= Lagi von Ballestrem =

German resistance member (1909–1955)

Lagi von Ballestrem

So'oa'emalelagi Gräfin von Ballestrem (née Solf, 31 August 1909 – 14 September 1955) was a part of the German resistance to Nazism as a member of the Solf Circle. She was born in Vailima, German Samoa as the daughter of Wilhelm Solf, the German colonial governor, and Hanna Solf. Her Samoan birth name was typically abbreviated to Lagi.

==Biography==
She lived in Shanghai with her first husband Wolfgang Mohr (married 1932) where she helped Jewish refugees. She returned to Berlin in 1938, at which time she was questioned by the Gestapo. Her first marriage ended in 1939; the following year she married Hubertus Graf von Ballestrem (1910-1995), son of Count Valentin Gustav Alexander Joseph Christian von Ballestrem (1860-1920) and his wife, Countess Agnes of Stolberg-Stolberg (1874-1940). Together with her mother Hanna, Lagi von Ballestrem planned escape routes for fleeing Jews and participated in secret meetings with other opponents of the Nazi regime. This group of intellectuals would later be known as the Solf Circle.

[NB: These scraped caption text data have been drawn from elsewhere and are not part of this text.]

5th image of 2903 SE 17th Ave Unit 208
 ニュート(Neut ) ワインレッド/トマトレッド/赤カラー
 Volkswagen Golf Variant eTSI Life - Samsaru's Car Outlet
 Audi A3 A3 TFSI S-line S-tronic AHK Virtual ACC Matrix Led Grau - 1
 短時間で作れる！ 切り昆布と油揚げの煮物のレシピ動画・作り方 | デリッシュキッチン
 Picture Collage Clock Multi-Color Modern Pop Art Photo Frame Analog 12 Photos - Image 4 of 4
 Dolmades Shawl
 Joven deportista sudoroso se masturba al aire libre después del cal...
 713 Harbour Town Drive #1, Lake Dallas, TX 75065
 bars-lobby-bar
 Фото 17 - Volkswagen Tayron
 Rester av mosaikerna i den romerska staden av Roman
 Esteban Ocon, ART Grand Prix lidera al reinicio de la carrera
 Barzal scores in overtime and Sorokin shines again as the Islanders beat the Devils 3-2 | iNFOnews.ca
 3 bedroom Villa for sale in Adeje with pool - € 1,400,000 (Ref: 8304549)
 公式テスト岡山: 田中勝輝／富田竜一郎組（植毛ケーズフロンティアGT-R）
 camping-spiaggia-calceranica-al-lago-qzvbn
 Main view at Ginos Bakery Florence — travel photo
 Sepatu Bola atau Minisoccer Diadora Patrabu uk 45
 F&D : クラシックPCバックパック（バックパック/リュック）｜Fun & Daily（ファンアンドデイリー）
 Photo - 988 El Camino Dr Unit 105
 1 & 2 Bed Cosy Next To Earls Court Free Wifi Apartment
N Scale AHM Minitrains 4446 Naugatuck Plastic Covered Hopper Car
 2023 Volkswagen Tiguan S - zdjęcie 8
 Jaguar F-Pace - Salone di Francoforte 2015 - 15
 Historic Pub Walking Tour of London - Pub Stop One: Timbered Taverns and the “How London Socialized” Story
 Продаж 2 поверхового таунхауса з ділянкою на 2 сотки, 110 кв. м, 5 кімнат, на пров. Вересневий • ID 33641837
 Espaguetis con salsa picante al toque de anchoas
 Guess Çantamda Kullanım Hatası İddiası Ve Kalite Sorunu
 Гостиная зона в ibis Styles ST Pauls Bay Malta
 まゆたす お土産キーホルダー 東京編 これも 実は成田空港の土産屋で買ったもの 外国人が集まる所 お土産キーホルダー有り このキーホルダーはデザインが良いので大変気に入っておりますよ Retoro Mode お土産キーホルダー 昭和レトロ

In 1939 von Ballestrem helped the gynaecologist and intellectual Ferdinand Mainzer and his family to escape to England.

The Solf Circle was betrayed to the Gestapo in late 1943, which led to its members being arrested. Ballestrem and her mother were transferred to Ravensbrück concentration camp. While many other members of the group were executed, Ballestrem and Solf were freed when the Red Army liberated Ravensbrück.